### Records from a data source
------------------------------------------------------------------------
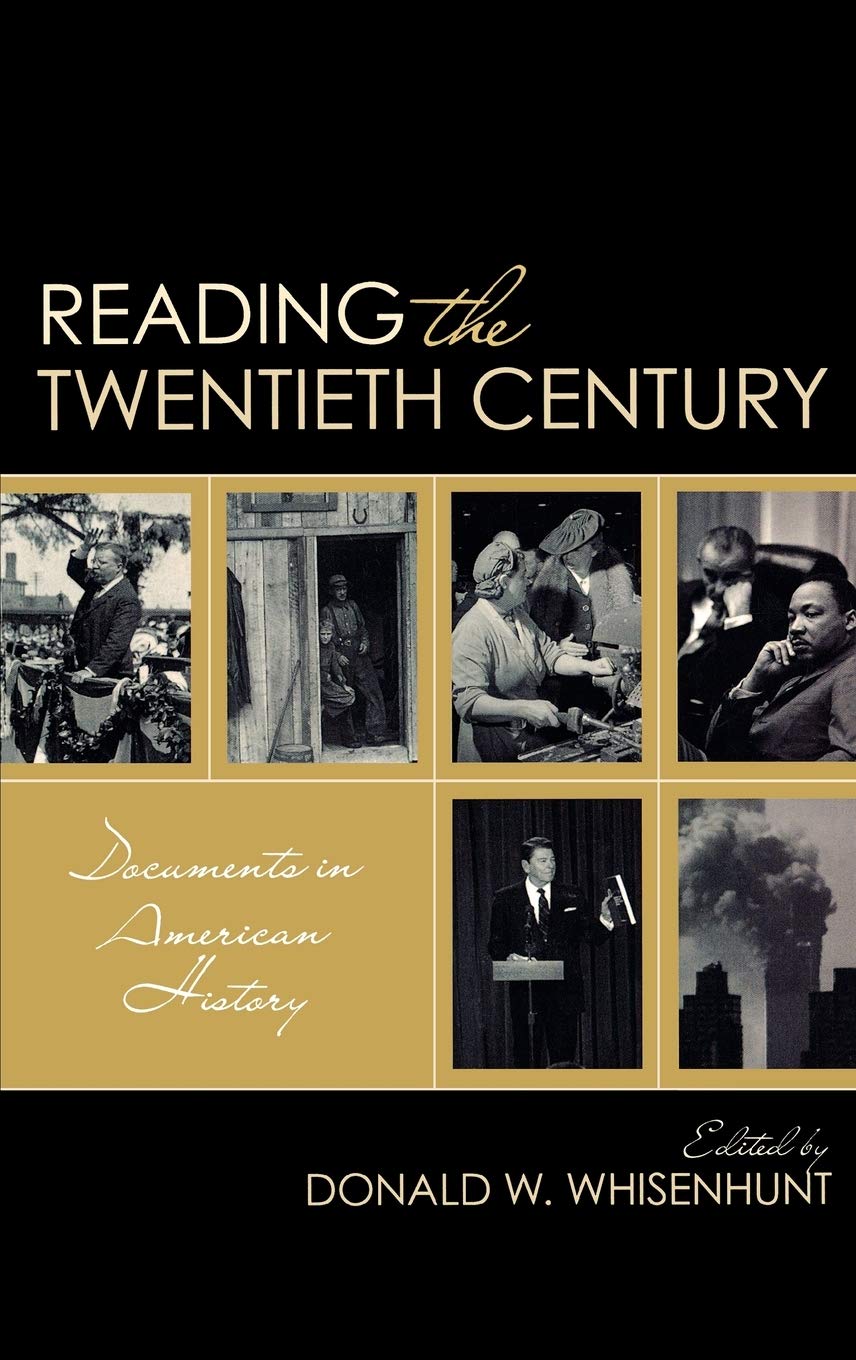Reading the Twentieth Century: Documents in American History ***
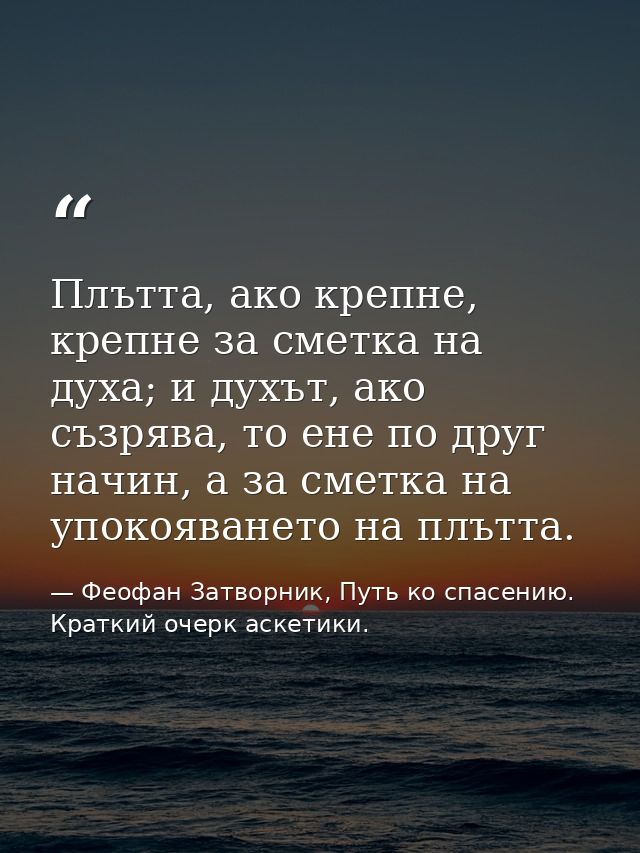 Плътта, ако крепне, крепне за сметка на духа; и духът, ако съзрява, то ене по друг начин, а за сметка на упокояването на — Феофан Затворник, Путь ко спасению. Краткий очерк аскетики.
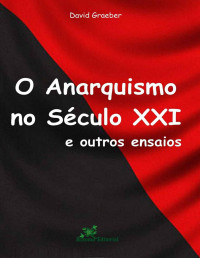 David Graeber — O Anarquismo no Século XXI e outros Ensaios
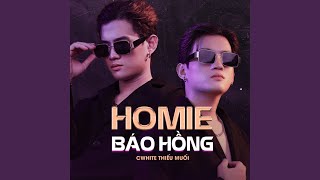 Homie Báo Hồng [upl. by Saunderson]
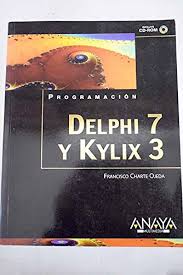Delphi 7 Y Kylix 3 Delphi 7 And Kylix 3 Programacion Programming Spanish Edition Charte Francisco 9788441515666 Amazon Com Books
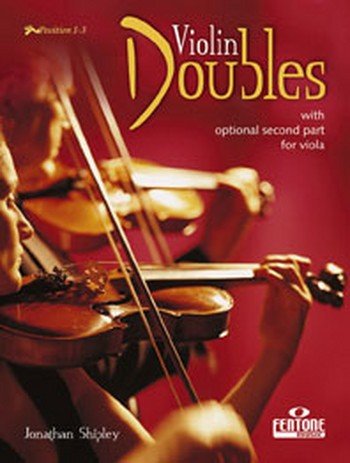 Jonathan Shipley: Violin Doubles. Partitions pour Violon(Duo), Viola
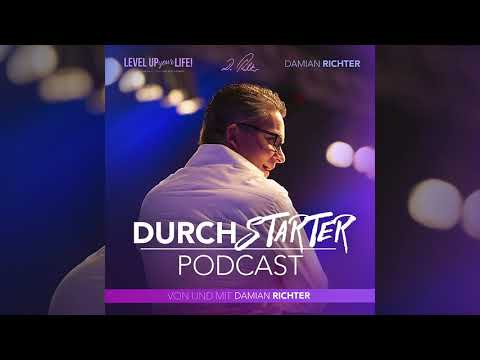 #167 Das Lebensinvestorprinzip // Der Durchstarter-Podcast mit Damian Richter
------------------------------------------------------------------------
### EXERCISE DIRECTIONS
Each record above should come back exactly the same, only without its pictures.

### ANSWER BOX
Reading the Twentieth Century: Documents in American History ***
 Плътта, ако крепне, крепне за сметка на духа; и духът, ако съзрява, то ене по друг начин, а за сметка на упокояването на — Феофан Затворник, Путь ко спасению. Краткий очерк аскетики.
 David Graeber — O Anarquismo no Século XXI e outros Ensaios
 Homie Báo Hồng [upl. by Saunderson]
Delphi 7 Y Kylix 3 Delphi 7 And Kylix 3 Programacion Programming Spanish Edition Charte Francisco 9788441515666 Amazon Com Books
 Jonathan Shipley: Violin Doubles. Partitions pour Violon(Duo), Viola
 #167 Das Lebensinvestorprinzip // Der Durchstarter-Podcast mit Damian Richter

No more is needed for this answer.